A time for me à défaut d’A time for us
Combien d’heures à caresser les notes, à me battre avec une partition rebelle, en onze ans de leçons de piano ? Combien d’heures à souhaiter la maîtrise d’un prélude de Chopin ou d’une pièce de Bach ? Combien d’heures en gammes et en arpèges pour délier les doigts ? Et combien d’heures à tricher, à chercher les notes d’une mélodie à la radio, à m’attaquer à une chanson de Sanson en chantant, plutôt que d’aller, mesure après mesure, à la conquête d’un Czerny qui n’avait pas toujours l’heur de me plaire ?
Combien d’heures d’amour/haine en compagnie de cet instrument sur lequel je pose toujours les doigts quand je vais chez mes parents ? Il m’aura trahi comme je l’ai trahi, ne tentant pas le meilleur de moi-même à cause d’une trop grande envie de butiner ailleurs que dans le programme imposé. Et si je n’avais pas souvent failli à la tâche des heures de pratique pour rêver sur les mélodies qui m’étaient interdites, aurais-je réussi à tirer le meilleur des pièces ou n’aurais-je jamais franchi que l’étape des balbutiements qui octroie une note correcte afin de passer à de nouvelles obligations ?

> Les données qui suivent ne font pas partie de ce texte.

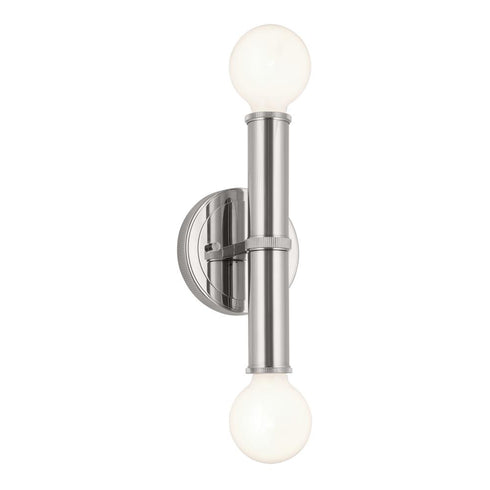 Kichler Torche Wall Sconce 2 Light in Brushed Nickel Finish Model: 55159NI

Et s’il n’y avait pas eu tous ces examens, ce programme qu’il fallait traverser, mais aussi des pauses pour s’amuser, se détendre, aurais-je vécu avec le piano un amour plus harmonieux ? Je me demande souvent si les méthodes d’aujourd’hui qui allient le ludique à la formation rigoureuse, ne m’auraient pas davantage servie, sans pourtant en connaître la réponse.
Je sais seulement ce désir qui ne m’a pas quitté de caresser les touches, de reprendre cette invention du Bach, ce prélude de Chopin et « A time for us », la chanson-thème de Romeo and Juliet de Zeffirelli composée par Nino Rota. Et je ne sais que ce désir, ce désir d’apprivoiser une fois pour toutes ces mélodies tant de fois entamées mais abandonnées au profit d’autres ou de moments à rêver.